Creating your first NetworkPolicy in a namespace, when your SDN offers support for this, implies that the default policy in your namespace changes from allow-all to deny-all. Any communications that is not allowed by an existing policy is implicitly denied.
Thus, we should probably not create a NetworkPolicy, in a namespace that doesn't already have one: if other services are located in that namespace, we're likely to break something (say someone deploys Traefik in kube-system) Or, we should install a NetworkPolicy that allows any communications, regardless of the target Pod, Traefik or not. And then, we may be defeating existing configurations.
I'm not sure. We could add one up. Though dealing with NetworkPolicies, I would first suggest you consider your options, based on your context. Allow-all would sure work everywhere, but I would not recommend it.
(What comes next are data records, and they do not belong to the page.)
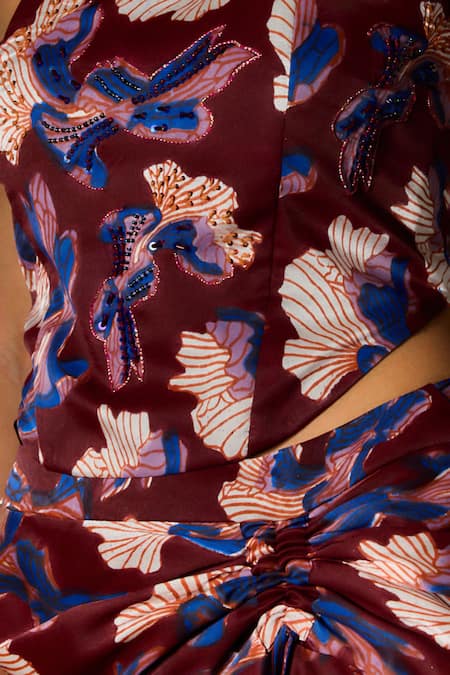 Jodi Wine Satin, Silk Sequins, Beads Scoop Neck Abstract Handblock Print Corset at Aza Fashions Jodi_Wine Satin, Silk Sequins, Beads Scoop Neck Abstract Handblock Print Corset _at_Aza_Fashions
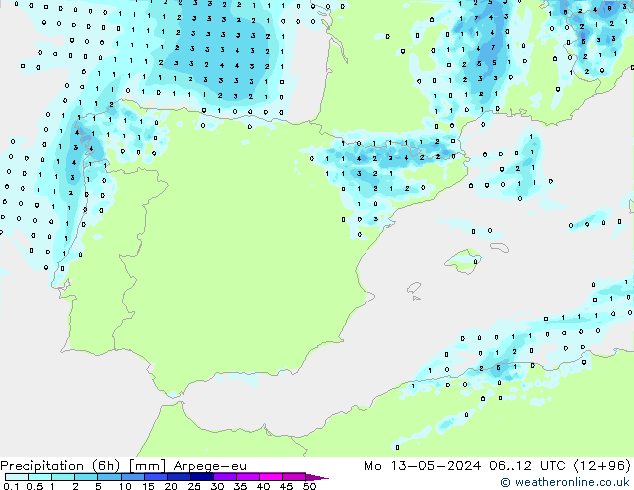 Precipitation (6h) Arpege-eu Po 13.05.2024 12 UTC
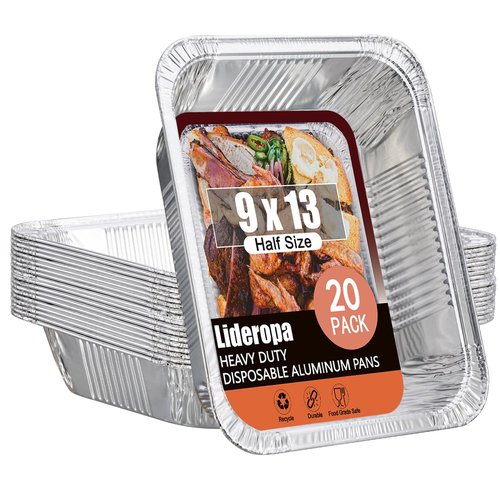 Lideropa Half Size Aluminum Pans 9x13-20 Pack Aluminum Foil Pans, Heavy Duty Disposable Pans for Cooking, Baking, Meal Prep, Parties & Food Storage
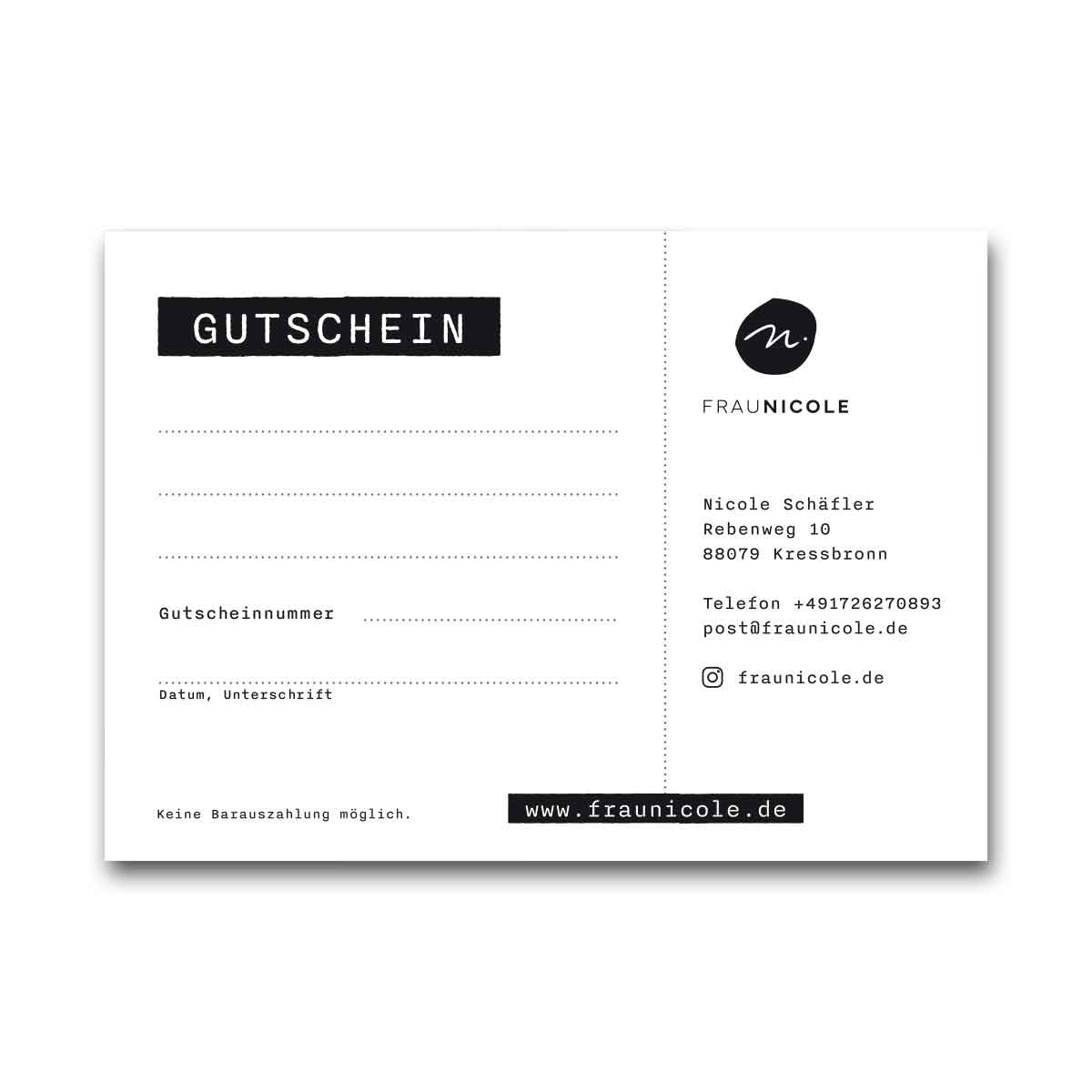 FrauNicole - Gutschein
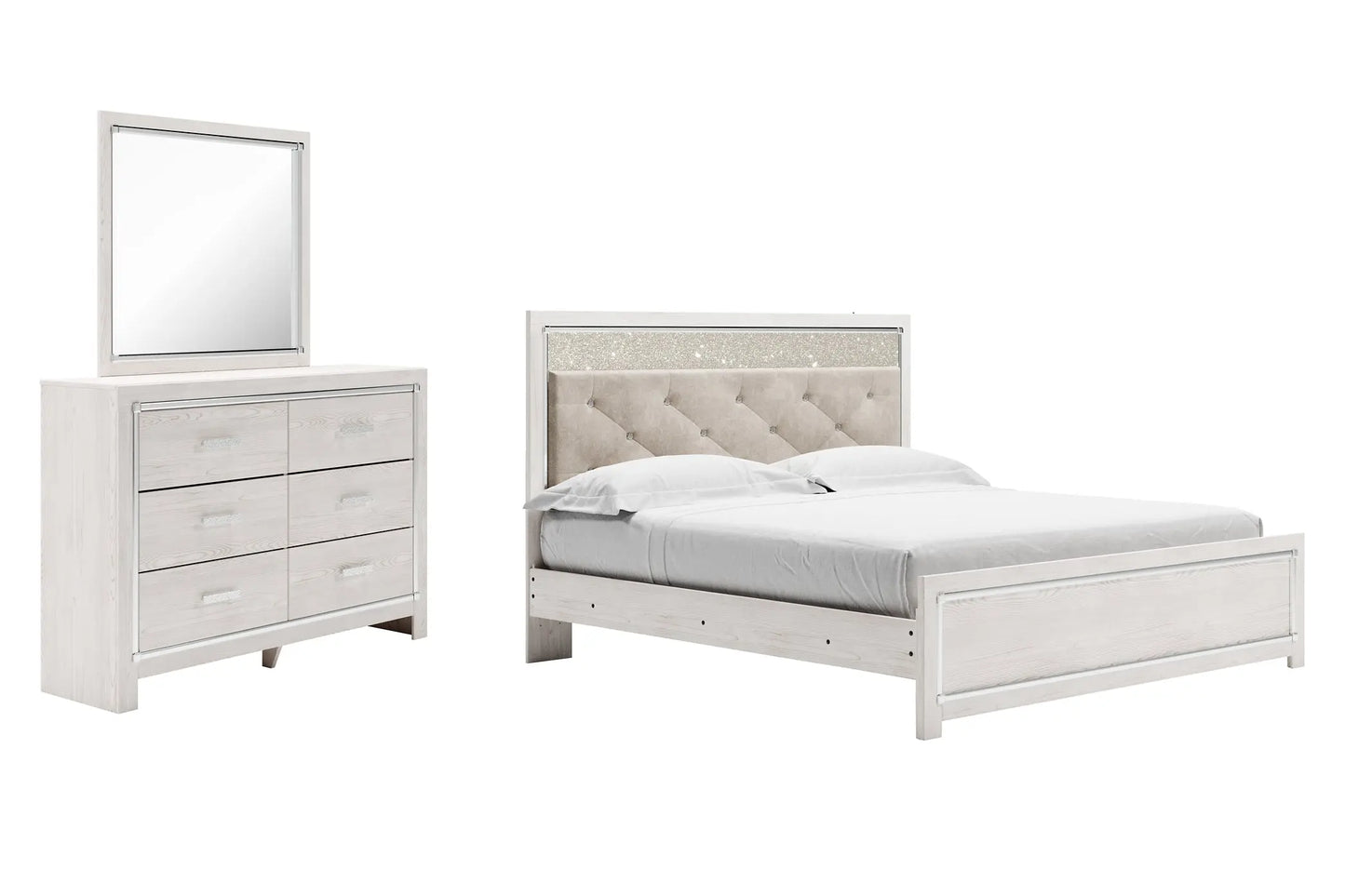 Altyra King Panel Bed with Mirrored Dresser - Premier Furniture & Mattress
Good point! I did not consider the fact that the network policy might have implementation specific aspects. After rechecking the Kubernetes docs on Network Policies I think that some of your doubts are unfounded (e.g. change from allow-all to deny-all: Other pods in the namespace that are not selected by any NetworkPolicy will continue to accept all traffic.).
But in general I agree that there might be unwanted side effects and I am not enough of an network/K8s expert to come to a final conclusion. I will keep this open for some more days to see if sb else has some opinion on it and then close it. Thanks!
Other pods in the namespace that are not selected by any NetworkPolicy will continue to accept all traffic.
I'ld have to check. I've been using them for a while now (1.11), and when I migrated: I had to proceed one namespace after the other. Just going one app after the other broke communications for other unrelated pods within that namespace.